On 8/10/07, Benjamin Geer <benjamin.geer@gmail.com> wrote:
>
> 2007/8/10, pavlos hatzopoulos <phatzopoulos@gmail.com>:
> > We are also happy for the discovery. Blogs are tools, and so are pens,
> but
> > you *cannot* write anything you want with them. Tools determine the
> limits
> > of what you *can *write.
>
> How does a blog limit you any differently from a pen?


I don't think it does, but some writers may perceive it as having a
different set set of constraints because a pen is so familiar that
most people know exactly what the limits are, and so take them for
granted as natural, rather than arbitrary or artificial.
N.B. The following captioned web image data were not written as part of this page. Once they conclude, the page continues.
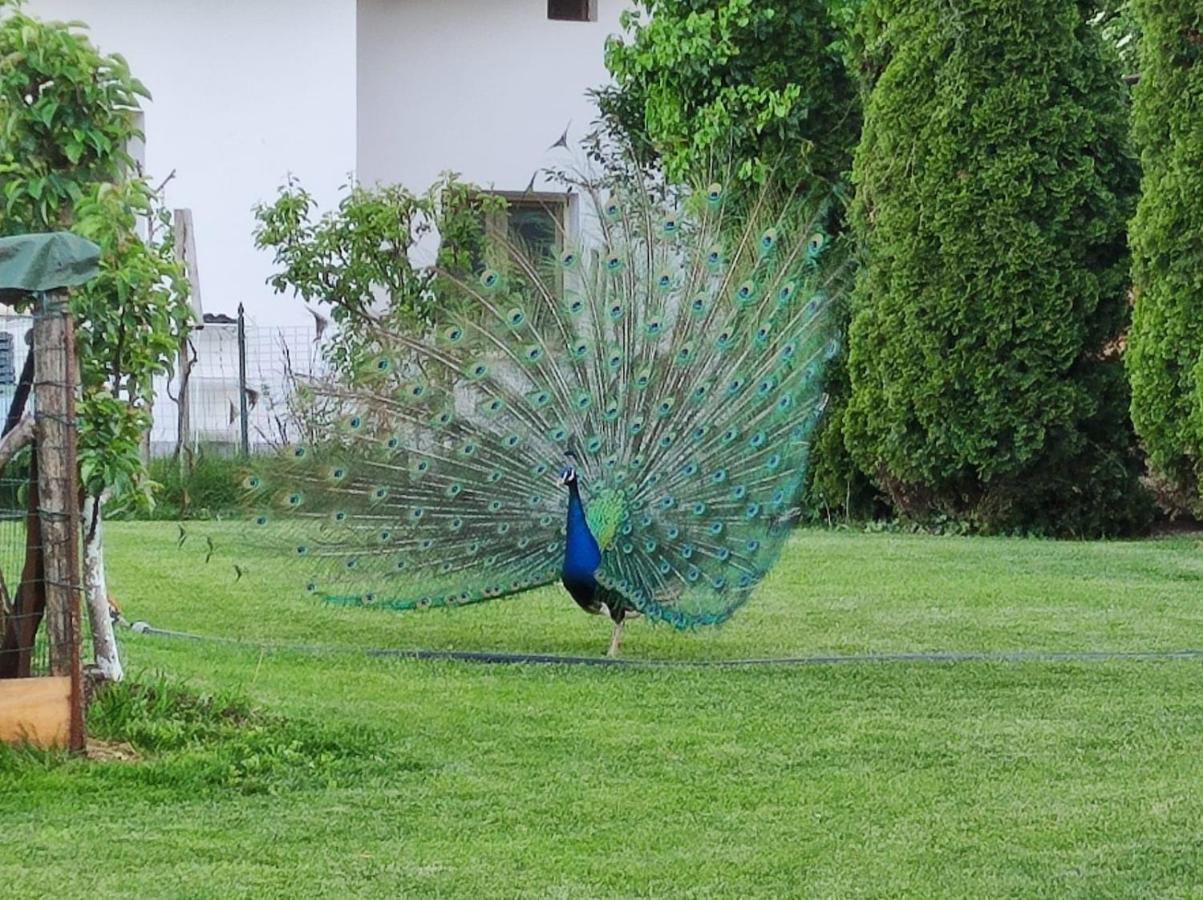 Monte Lago Polpenazze del Garda Exterior foto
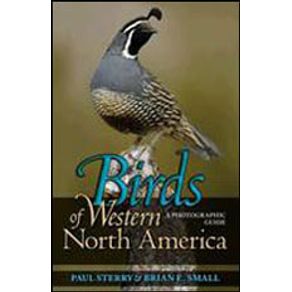 581122_detalhes.jpg 581122_detalhes.jpg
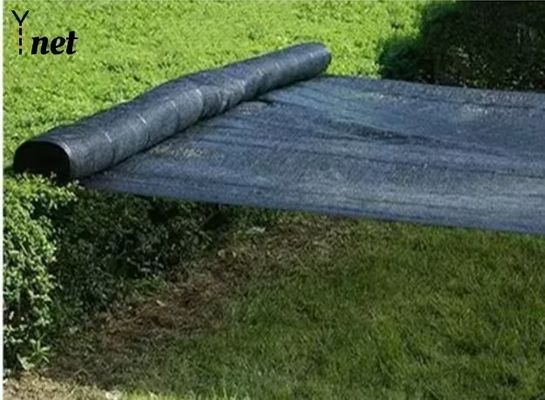 100% HDPE Agro Shade Net 2*100m Agriculture Shade Cloth Black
> Blogging invites and celebrates banality
>
> On what evidence do you base that conclusion?  People are using blogs
> to publish all the sorts of things that they previously used pens for:
> scientific research, fiction, journalism, political manifestos,
> everything.
>
> > when bloggers attempt to give a different
> > picture of the 'personal', which is immanently political, which is
> > inherently transgressive they are brushed aside.
>
> And you think that phenomenon is unique to blogs?  I'd say it's just
> as strongly associated with pens.


After teaching writing to first-year college students for about 15
years now, I can tell you that most blogging closely resembles the
work of inexperienced writers. Further, I have seen in blogs that last
more than a few months the same improvement I see in students who
really work at writing--meaning they just keep doing it every day, and
they learn something about writing for an audience.

Blogging is not unusually banal at all, it just makes visible to
everyone the banality that inexperienced writers universally produce.